‘The art of spiritual accompaniment’
Deacon Brandon Schneider has heard a lot about listening.
The transitional deacon, preparing for ordination to the priesthood later this year, is facilitating a program called Ananias Training at Assumption of the Blessed Virgin Mary Church in Middlebury. It helps participants recognize the stages of another’s spiritual journey through compassionate listening.
Listening, he said, includes being supportive but not judgmental, recognizing the speaker’s individual dignity and worth, taking him or her seriously, not using labels and focusing on the person who is speaking.
In an age where the written word — through email, text and social media — can seem to rule, the spoken word has a special place because it is through personal conversation that “you’re interacting with the whole person, making a face-to-face connection,” Deacon Schneider said.
Inspired by the role Ananias played in St. Paul’s journey to Christ, the Ananias Training helps participants listen lovingly to someone’s real questions and opinions about God in order to guide the discovery of how God is present and active in a person’s life, talk about their relationship with God, share how they came to be a disciple of Jesus and share Jesus’ own story in response to the spiritual hunger of another.
There are nine participants in the Ananias Training; selected active parishioners of the Middlebury church and St. Bernadette Church in Bridport were invited to participate in the fall/spring program.
They discuss the three journeys “everyone is on,” Deacon Schneider said: personal relationship with Jesus, sacramental and practice. “Everyone is on a different place in all of them.”
Jonathan Connor, a parishioner of St. Bernadette Church, has seen many people slowly leave the Church. “I joined the [Ananias] program because I was hoping it would give me some guidelines on how to be better at evangelizing to those who no longer feel the need to attend church,” he said. “So far the program has been helpful in teaching us to be better at listening to the person we are talking to and asking the right questions that may help them think about their own spiritual journey. The program has also made us look into our own spiritual journey and show us how God has worked in our lives.”
He hopes to be an instrument God uses in helping them progress along that spiritual journey and find the joy and the peace that comes from being a part of His Church.
The training is a 17-hour process structured in five sessions, designed to form parishioners with no previous training in “the art of spiritual accompaniment.” The training uses scripture reflections, video and facilitated discussions; its goal is to form people equipped to be Ananias to one another within the Church as well as to those in the world, within the context of one’s own charisms and personal vocation.

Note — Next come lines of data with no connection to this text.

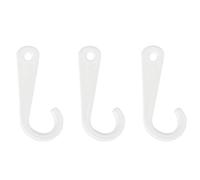 NX Garden Ganci a J in plastica bianca per calzini, 500 pezzi, 3,5 cm
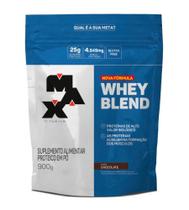 Whey Blend Isolado Concentrado 900G Chocolate Refil - Max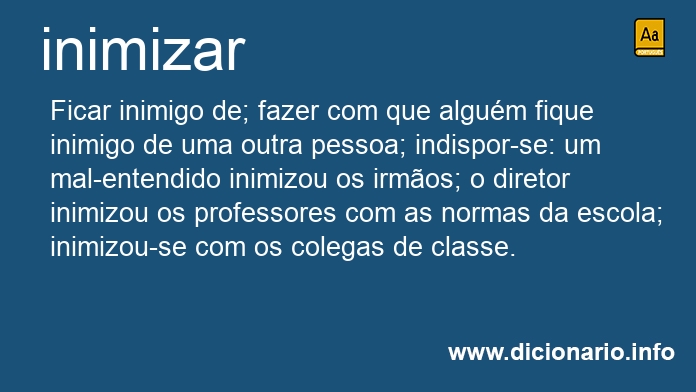 Significado de inimiza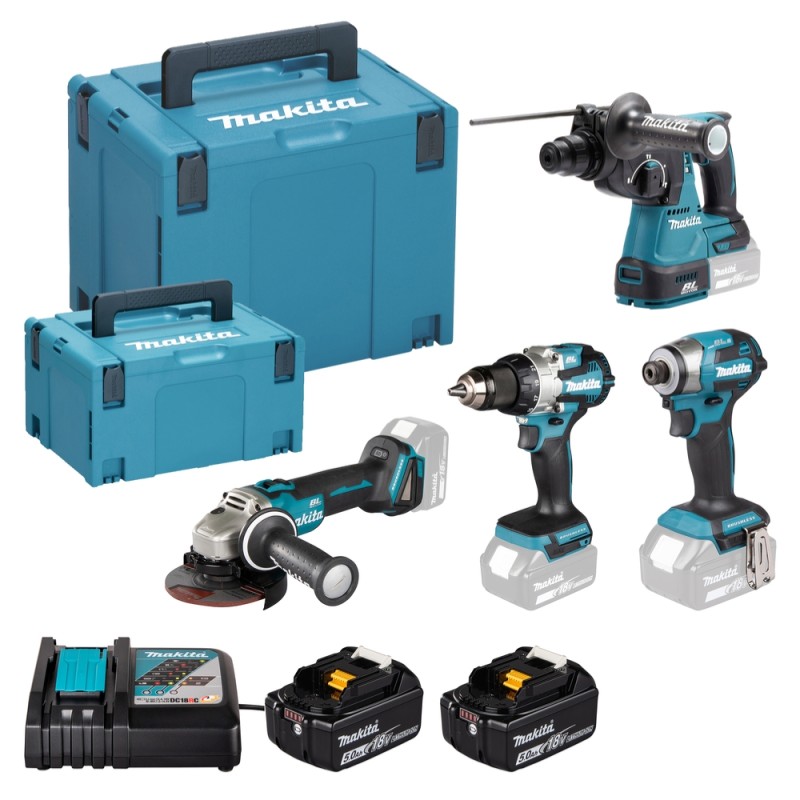 Akumuliatorinių įrankių rinkinys MAKITA DLX4200JX1 1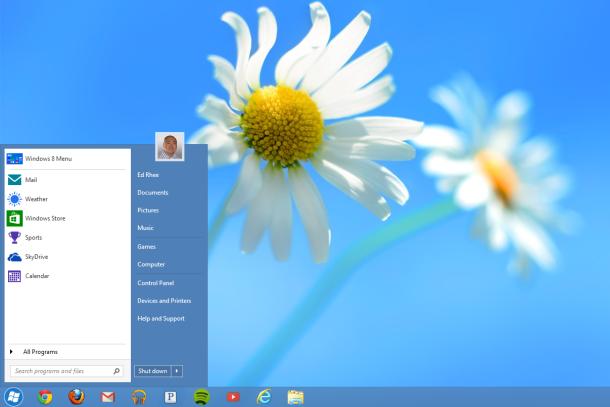 Start8 v.1.20 – возвращаем кнопку «Пуск» в Windows 8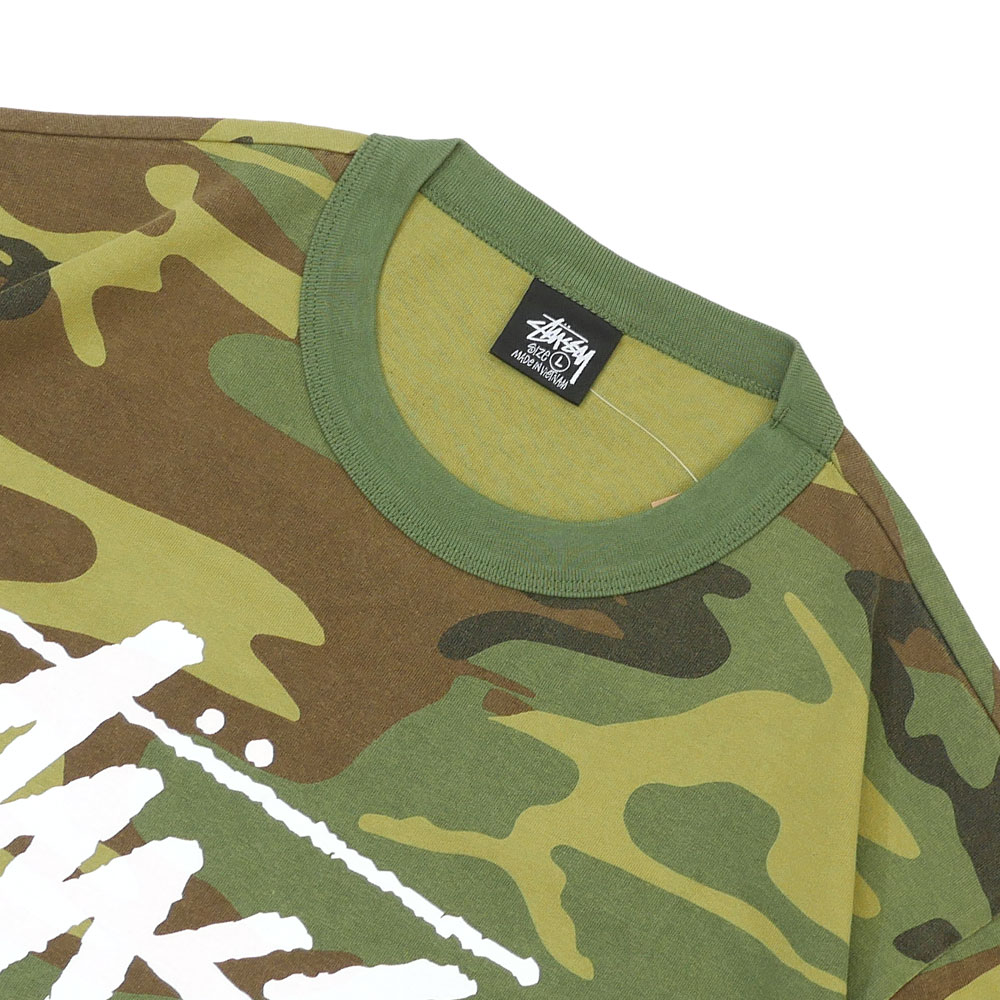 stussy 迷彩tee カモ Lサイズ stussy(ステューシー) 24SScript Tee CamoカモフラTシャツ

“This training is important because it focuses on listening — listening to the spiritual journey of the anther person,” said Father Luke Austin, pastor. “It is important to parish life because it prepares us to evangelize, important to the Church because the upcoming synod looks at how we listen within the Church and important to society in general as the training helps participants not take labels people use for themselves at face value.”
The training is a fruit of the Diocesan Synod and is funded through the generosity of the St. Bernadette Christ Our Hope donors.